====== Recorded information

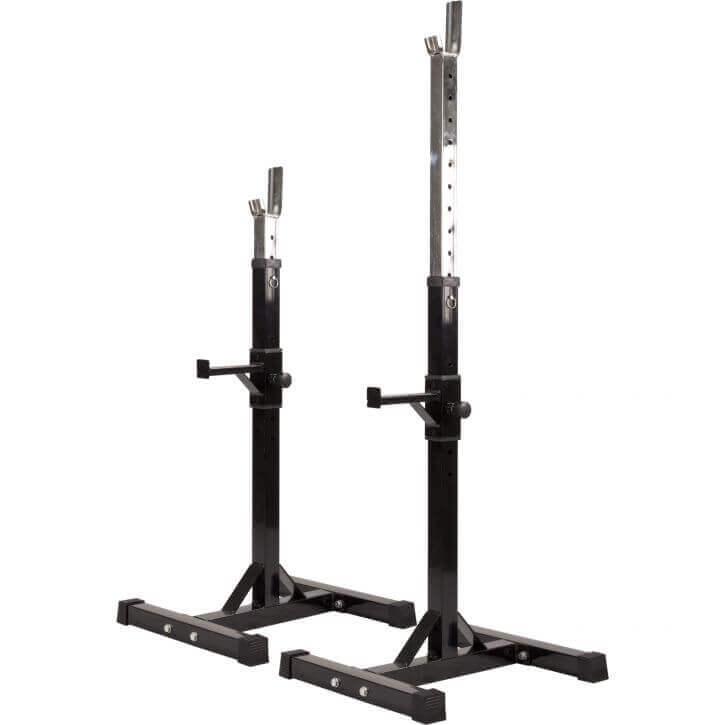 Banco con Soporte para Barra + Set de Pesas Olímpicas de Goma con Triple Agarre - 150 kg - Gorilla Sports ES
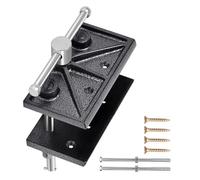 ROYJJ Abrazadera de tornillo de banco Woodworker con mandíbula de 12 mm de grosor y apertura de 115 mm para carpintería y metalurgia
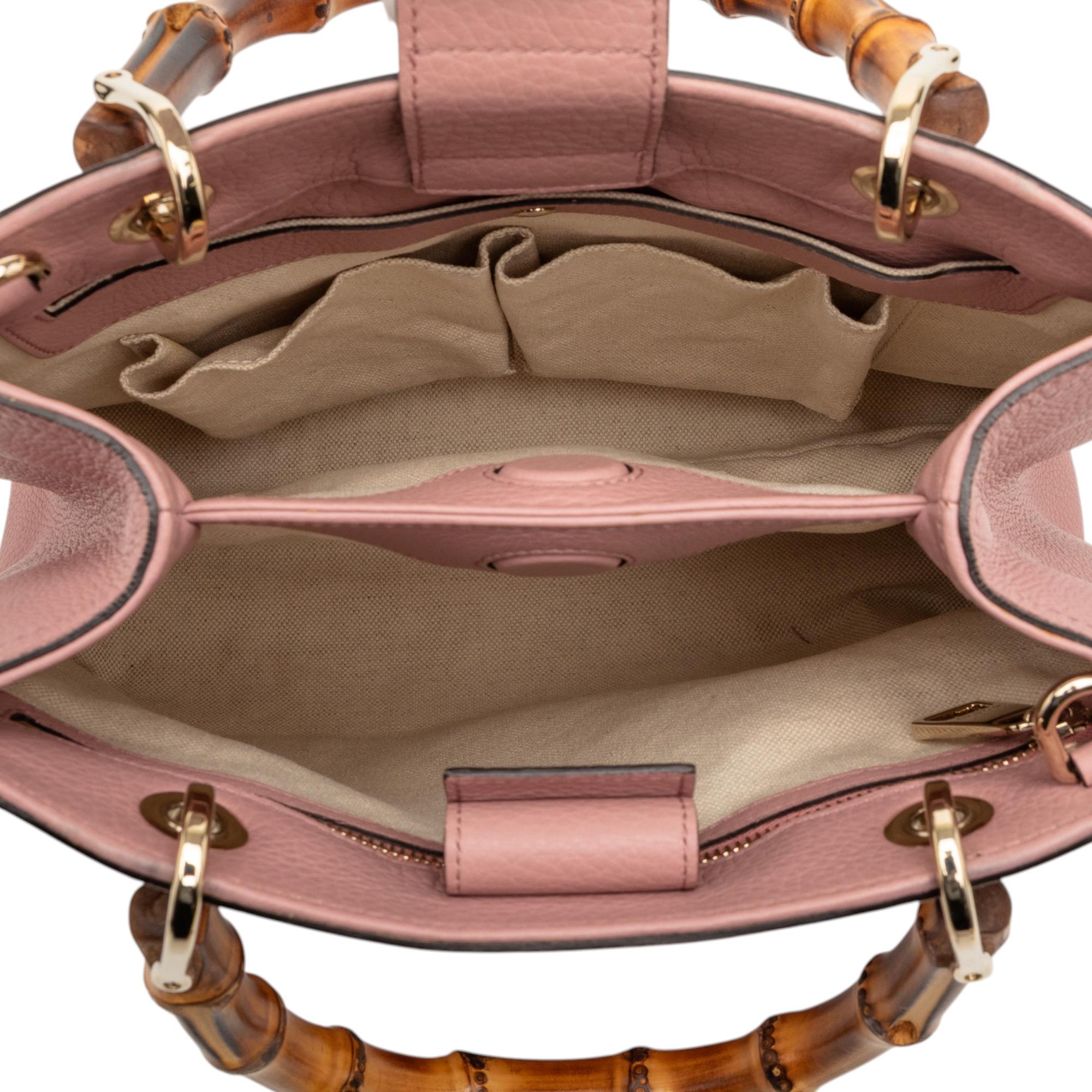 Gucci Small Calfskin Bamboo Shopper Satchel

============

Find the line holding "ROYJJ Abrazadera de" in the data above. Retype it and every later line exactly, through the end, but not the pictures.

 ROYJJ Abrazadera de tornillo de banco Woodworker con mandíbula de 12 mm de grosor y apertura de 115 mm para carpintería y metalurgia
 Gucci Small Calfskin Bamboo Shopper Satchel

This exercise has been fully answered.